Traditionally, the Christmas and New Year period is the time of year where many of us tend to overspend.
While this might be well-meaning, as most people are simply buying gifts for family and friends at Christmas or going on holiday, you need to be sure that it doesn’t blow your budget.
If your goal is to buy a property in the new year, then it’s important to not let a Christmas splurge get in the way of your real estate dreams.
Here are a few ways to better manage your money ahead of the holiday season.
Put the Credit Card Away
The problem with credit cards is they are easy to use and not always easy to keep track of.
During the lead-up to Christmas, it’s very easy to get carried away spending. This can not only hurt your savings, but it also makes it appear that your typical spending habits are a lot higher than they might be.
A lender will take close look at your expenses over the previous three months when assessing a home loan application, and if they are excessive, it could dent your serviceability and risk getting your loan application rejected.
If you don’t particularly use or need your credit card, it can often be a good idea to get rid of it altogether, as lenders assess your credit card as if it is fully maxed out.
Allocate Funds in Advance
We all know that budgeting is important but for most people it is not only hard to do, but hard to implement.
One of the best ways to effectively budget is to allocate all your spending money in advance and put it on a debit card. This way, there is no chance you can go over budget.
It’s even possible to have multiple debit cards for different areas of your life, such as essentials, spending money and things like bills and expenses. Then, you simply transfer funds to them each week.
While this might seem a little over the top, if your goal is to get on the property ladder, then it might be well worth going to these lengths for even a short period of time.
While it might be very tempting to jump on a plane after what has been a few rough years for those that love to travel, don’t take on any debts in the process.
Many people like to put their holidays on credit or even take out a personal loan.
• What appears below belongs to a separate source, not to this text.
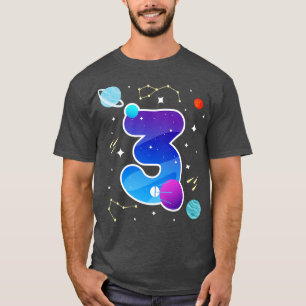 Outer Space 3rd Birthday Party T Planets 3 Year Ol T-Shirt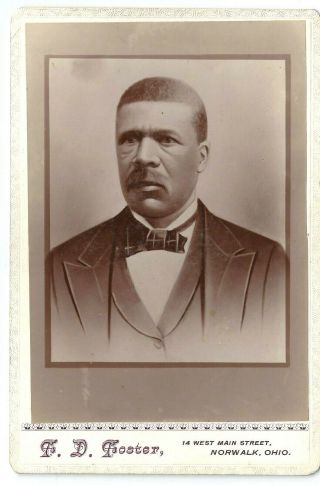 Antique Cabinet Card Of An African American Man In Formal Wear By Fd Foster Ohio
The problem with adding debt is that this money needs to be paid back. When you have debts, it weighs on your serviceability.
Given that credit cards and other unsecured debts attract incredibly high interest rates and need to be paid back in a matter of years at the latest, this can really hurt your bottom line when applying for a loan.
For first home buyers, even a $100 per week payment on a credit card or loan could be enough for you to miss out on getting a loan for your first property. If your goal is to buy a property, wait until you’ve settled on the property and made a new budget before going out and spending money you don’t have on a trip.